A dataset group can contain only one user-item iteractions dataset and one event-interactions dataset. You will get an error if you try to call CreateEventTracker using the same dataset group as an existing event tracker even if you use a different event tracker name.

To view the properties of the new dataset, call the ListDatasets API, supplying the dataset group ARN. Use the dataset ARN for the EVENT_INTERACTIONS dataset to call the DescribeDataset API. The following is an example response:

{ "dataset": { "datasetArn": "arn:aws:personalize:us-west-2:acct-id:dataset/dataset-group-name/EVENT_INTERACTIONS", "datasetGroupArn": "arn:aws:personalize:us-west-2:acct-id:dataset-group/MovieClickGroup", "datasetType": "EVENT_INTERACTIONS", "schemaArn": "arn:aws:personalize:us-west-2:acct-id:schema/event-interactions-schema", "status": "ACTIVE", "creationDateTime": 1545694802.016 } }

Event Interactions Schema

To view the schema corresponding to the event-interactions dataset, call the DescribeSchema API, supplying the schema ARN from the previous listing. An example response follows. The event_type field corresponds to the eventName parameter of the Record API. The item_id and event_value fields correspond to the id and value keys of the properties parameter of the Record API.
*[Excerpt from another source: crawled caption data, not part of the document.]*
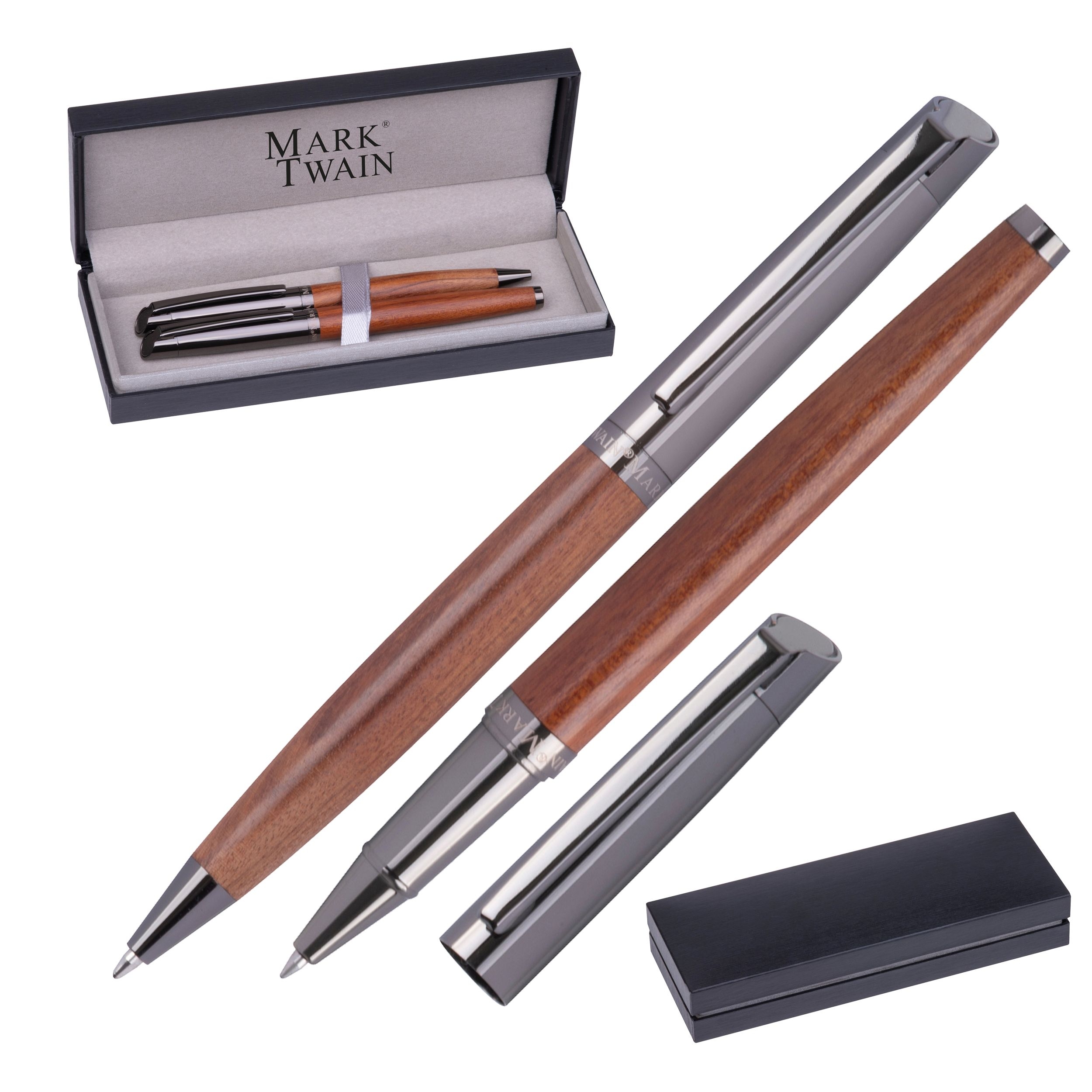 MA15597Mark Twain Schreibset aus Holz KATRINA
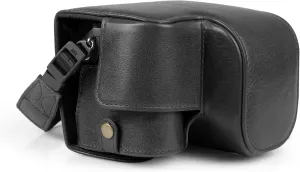 MegaGear Genuine Leather Camera Case for Sony Alpha a6700 (16-50mm) - Stylish and Protective - Black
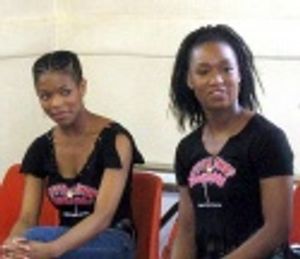 Original cast members Trisha Jeffrey (Crystal) and Carla J. Hargrove (Ronnette) relax Photo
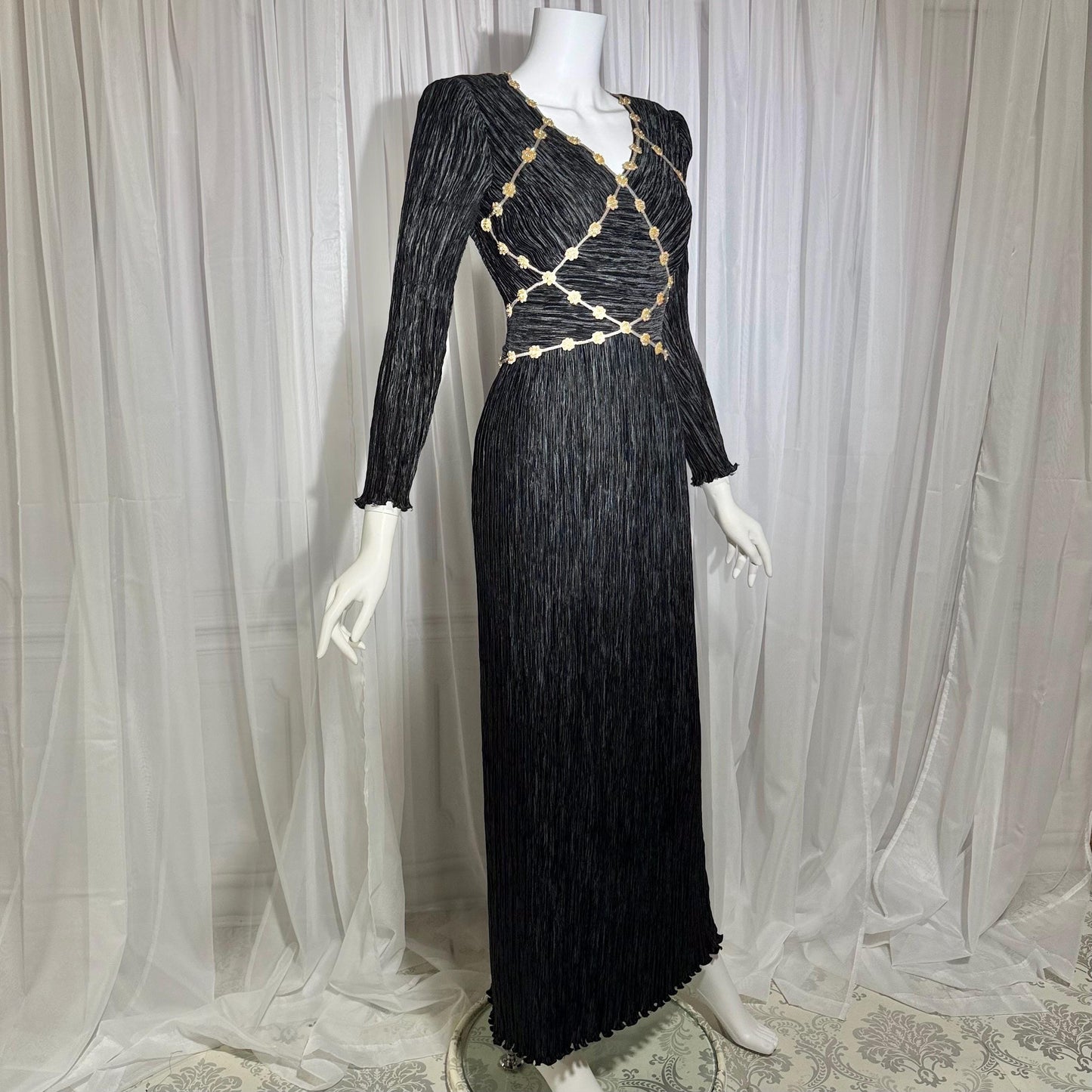 MARY MCFADDEN COUTURE vintage evening dress, 1980s black beaded plisse pleats gown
{ "schema": { "name": "event-interactions-schema", "schemaArn": "arn:aws:personalize:us-west-2:acct-id:schema/event-interactions-schema", "schema": { "type": "record", "name": "Interactions", "namespace": "com.amazonaws.personalize.schema", "fields": [ { "name": "user_id", "type": "string" }, { "name": "session_id", "type": "string" }, { "name": "timestamp", "type": "long" } { "name": "event_type", "type": "string" }, { "name": "item_id", "type": "string" }, { "name": "event_value", "type": "string" }, ], "version": "1.0" }" } }

Calling the Record API

The following shows an example of a Record call. You supply the tracking ID created in the previous step. The user ID and session ID are custom to your application.

The event list is an array of Event types. The event ID is custom to your application. The sentAt and eventName keys correspond to the timestamp and event_type fields of the event-interactions schema (described below).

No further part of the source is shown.